WORK TASK: Transcribe the data underneath exactly. No images belong in your version.

SUPPLIED DATA:
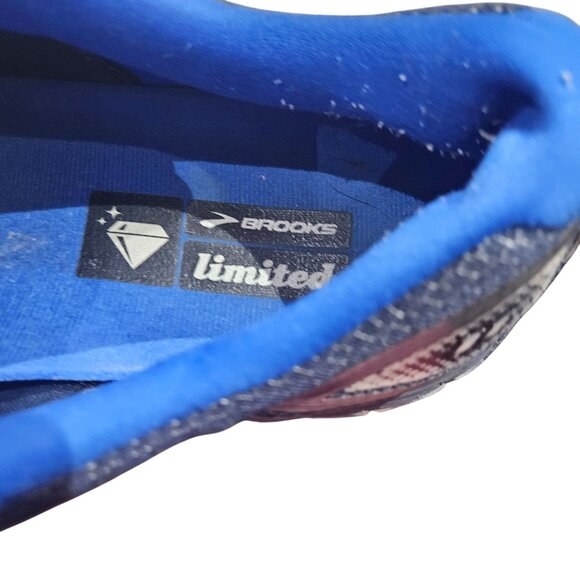 Brooks Glycerin Mens Running Shoes Size 11. 5 Blue & Silver Mesh - Picture 7 of 9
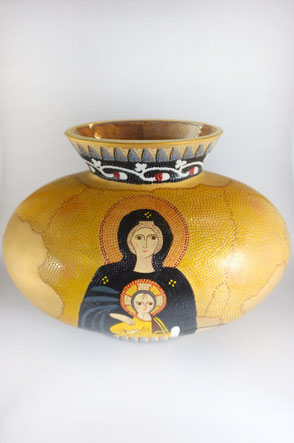 Maria & Jesus Vase 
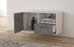 Lowboard hängend mit Griffen Houston, Beton Offen ( 92x49x35cm) - Stil.Zeit Möbel GmbH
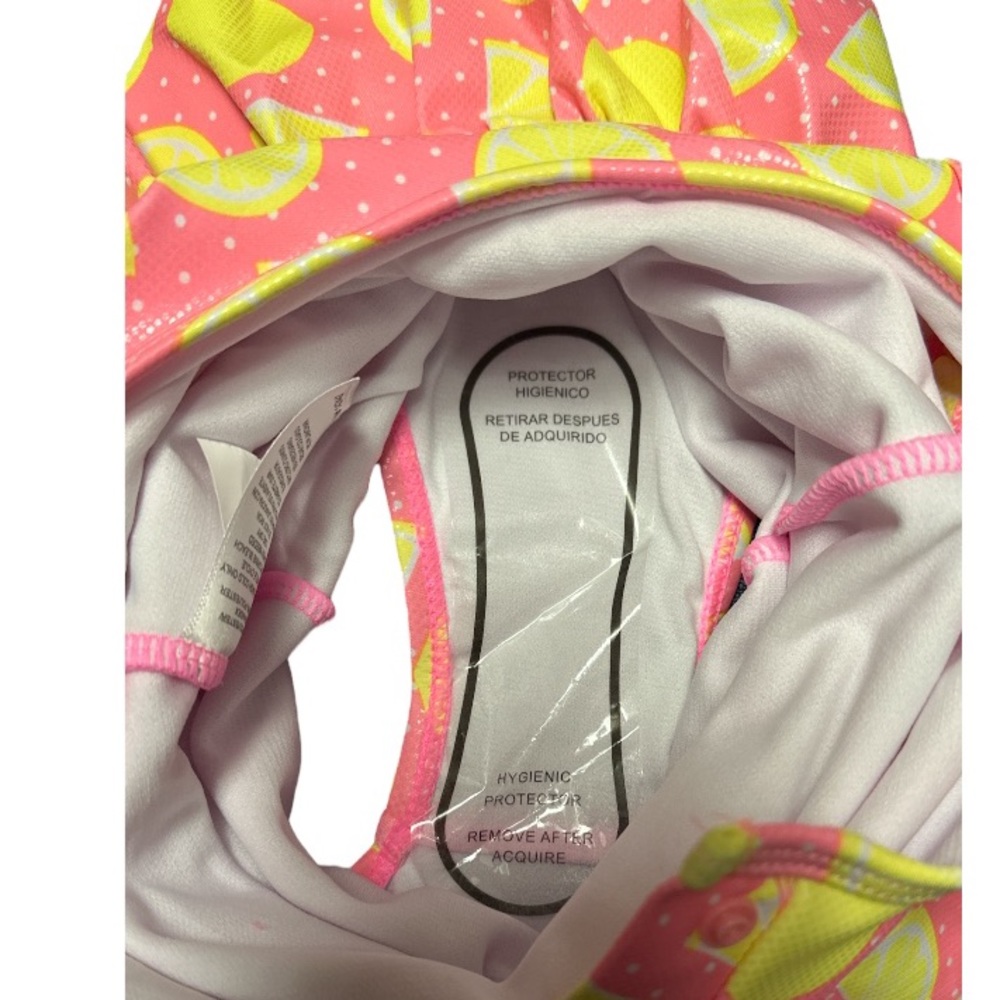 Solo Little Girls One Piece Lemons & Sunshine Bathing Suit, size 4 - Picture 7 of 9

ANSWER SECTION:
 Brooks Glycerin Mens Running Shoes Size 11. 5 Blue & Silver Mesh - Picture 7 of 9
 Maria & Jesus Vase 
 Lowboard hängend mit Griffen Houston, Beton Offen ( 92x49x35cm) - Stil.Zeit Möbel GmbH
 Solo Little Girls One Piece Lemons & Sunshine Bathing Suit, size 4 - Picture 7 of 9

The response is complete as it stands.